#8: Mothers Protest Clowns At Library by Dirk Stoneman, Parts Of The Rich And Famous Visit Beaverlick by Manny Polewhacker, and Beaverlick News In Brief
Representatives from “Mothers Against Clowns (MAC)” picketed Monday afternoon in front of the Biddie Oldshanks Memorial Library to protest what they see as the indoctrination of the vulnerable minds of their children into the world of grease paint, red noses, and revolving bow ties.
In a deal worked out by Denver “Happy Pants” Ersatz (W) with an as yet unnamed Circus, the library staff has been replaced with the Circus’ contingent of clowns, manning the check-out desk, helping customers with the computers, putting away books, and hosting book signings and having readings of famous books written by Beaverlickers.
The last reading of that kind happened 23rd of June, 1952, when Whinemar Holtzenflat, noted Archeologist who was born and raised in Beaverlick, came to the library and read excerpts from his: “The Hills And Valleys Of Northeastern Kilutumba And The Horrifying Cannibals That Live There” . As Whimemar read, some of his audience fell asleep.
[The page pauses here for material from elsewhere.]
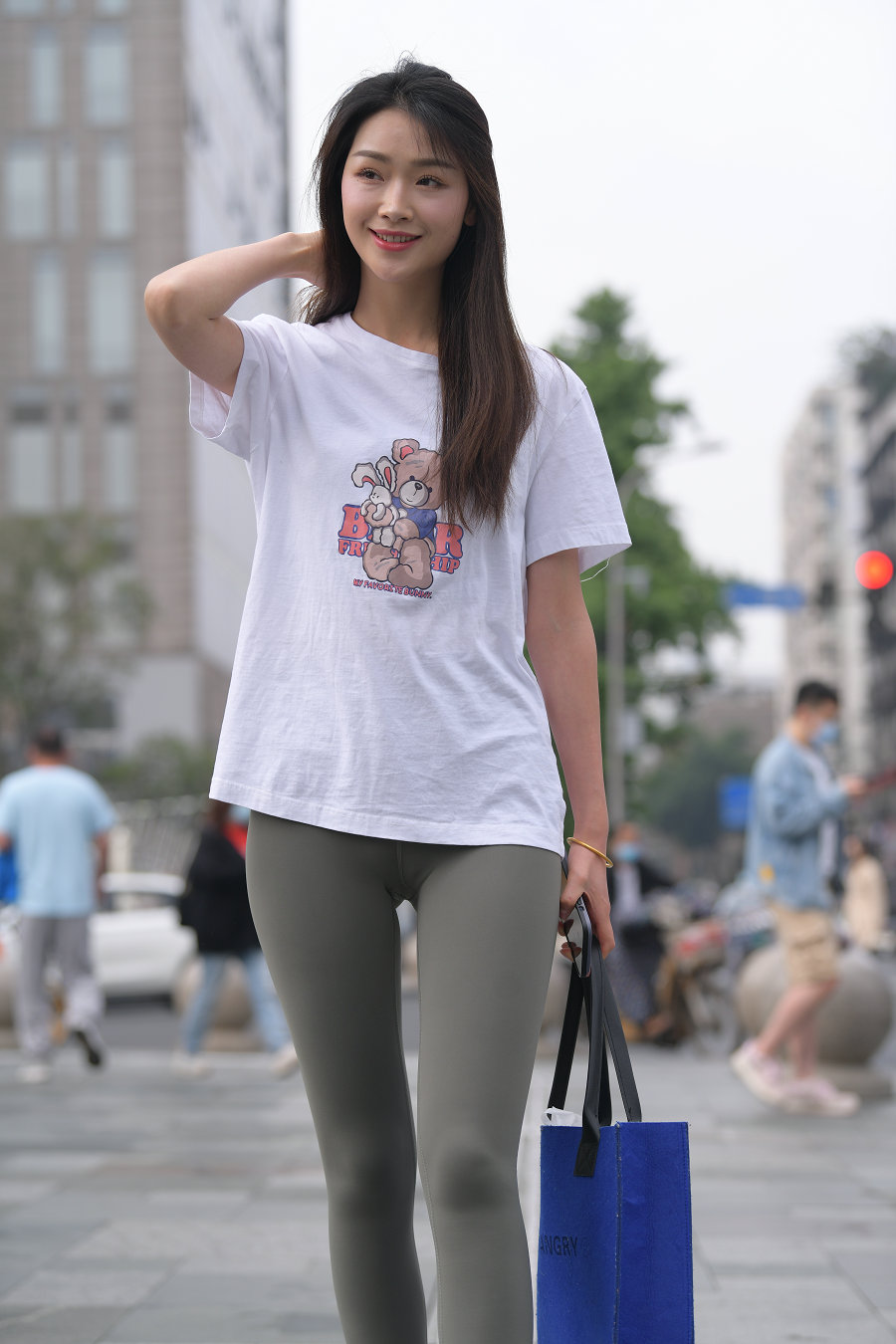 一身休闲装的瑜伽裤女孩J2961 709P1V-24.1GB-朵兔兔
Some went catatonic. Betsy Anne Rumpfondler just gave up living and died right there on the spot.
According to Broomhilda Smirk, 46, local mother, housewife, and spokeswoman for MAC, feels that there is more going on at the library that meets the eye.
“My six-year-old son came home from the library one day and told me he wanted to go to “Clown College” when he grew up!” exclaimed Smirk. “Did YOU know they had a College? I didn’t know they have a college! They have a COLLEGE! They actually have a CLOWN COLLEGE! What do they LEARN there? What goes on at the CLOWN COLLEGE? Are they learning how to apply their greasepaint? Learning how to get a pie in the face? How to be one of a bunch of clowns getting out of a little car? Do you KNOW where that LEADS? COMMUNISM!”
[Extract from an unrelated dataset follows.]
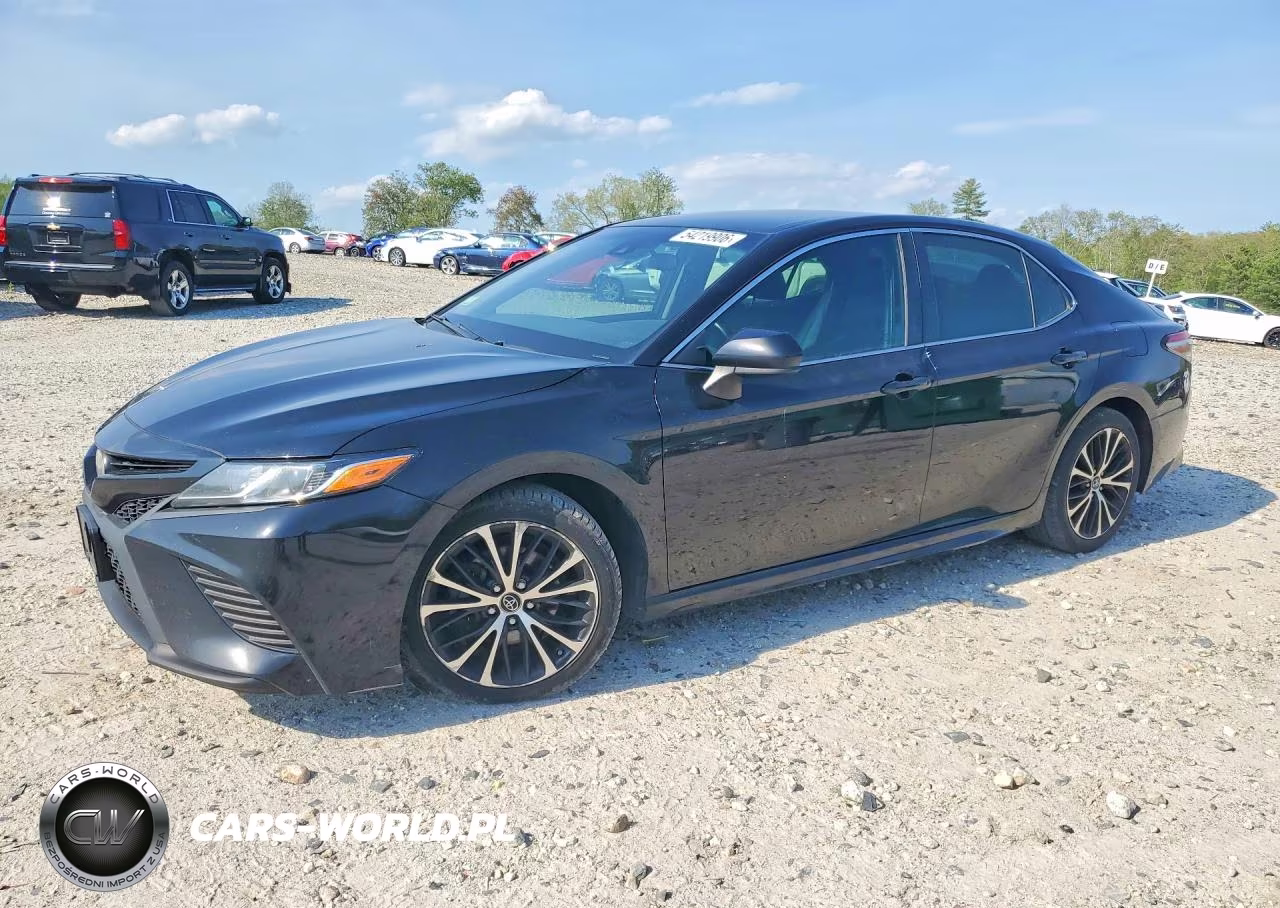 2019 Toyota Camry Se – zdjęcie 1 z 12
Ms. Smirk continued, and I wasn’t about to stop her as she appeared to be on quite a roll and was jabbing the sharp end of her umbrella at me as she spoke.
“My seven-year-old daughter came home that same day and did a coin trick! Taught to her by one of those weird, terrifying men in makeup, wild clothes, huge shoes, and fright wigs! They are being told that it’s OK to be a clown; that EVERYONE has a clown inside them. How petrifying is THAT?” she said angrily. “They say that clowns are people too, but that is an illusion; just like making the coin disappear into the air: People are people. Clowns are mentally ill!”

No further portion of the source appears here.